I've been thinking a bit about how obstacles are portrayed in games.
Picture if you will a locked door. It's an older door. There is a door mat in front of the door. How do you get in?
This door puzzle shows up in several text adventures (I first encountered it in one of the Zork games from Infocom, if memory serves, though I might have read about it in a review of Deadline). What quickly becomes apparent is that the game is relying on several key things. The first of which is that you can't break down the door, no matter how hard you try. The second is that if you look in the keyhole you'll notice it's blocked. The third is that the game hopefully presented you with the opportunity to grab a letter opener.
It also requires you to have an idea what type of door and lock you're dealing with. My great grandmother had these doors. The locking mechanism used a Skeleton Key. If you left the key in the hole then someone could see that it was obstructed.

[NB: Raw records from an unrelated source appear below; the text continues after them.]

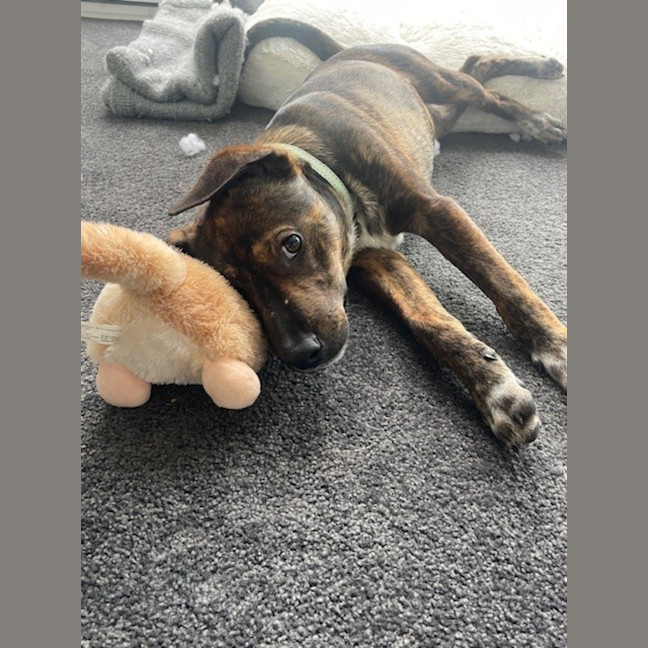 Photo of Kahu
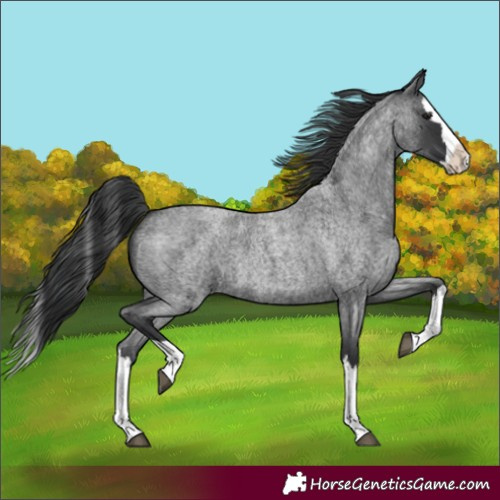Horse Color:Blue Roan Splash 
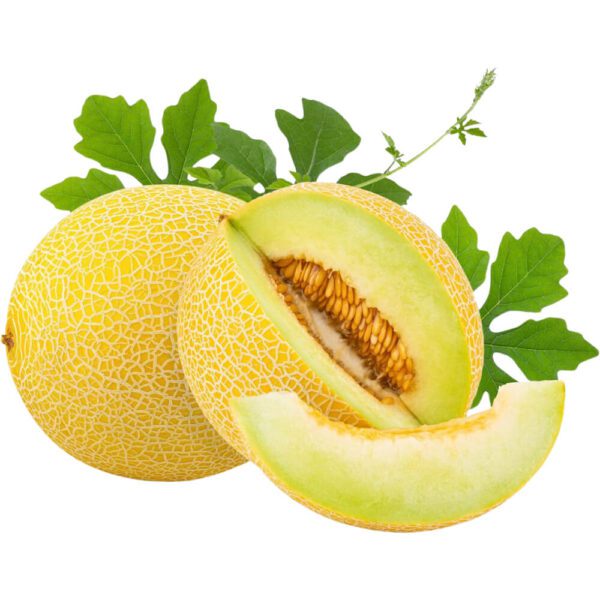 MELON SWEET ROUND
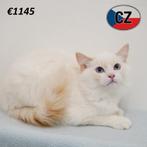 Ragdoll - kittens te koop, Meerdere dieren, Gechipt, 0 tot 2 jaar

The designers of the puzzle devised that you could get into a locked room by sliding the doormat under the door. Once it was in place you could use the letter opener to move the key out of the hole and onto the mat. Once the key hit the mat you could carefully pull the mat and get the key. Voila! You can now open the door.
I decided to try this with my great grandma's locks. Sure enough, it worked. I felt so clever that I knew how to defeat these locks once and for all (assuming I had a doormat, a letter opener, and a skeleton key lock with a key carelessly left in it).
Clever puzzle? Sure, but there's a few flaws with it.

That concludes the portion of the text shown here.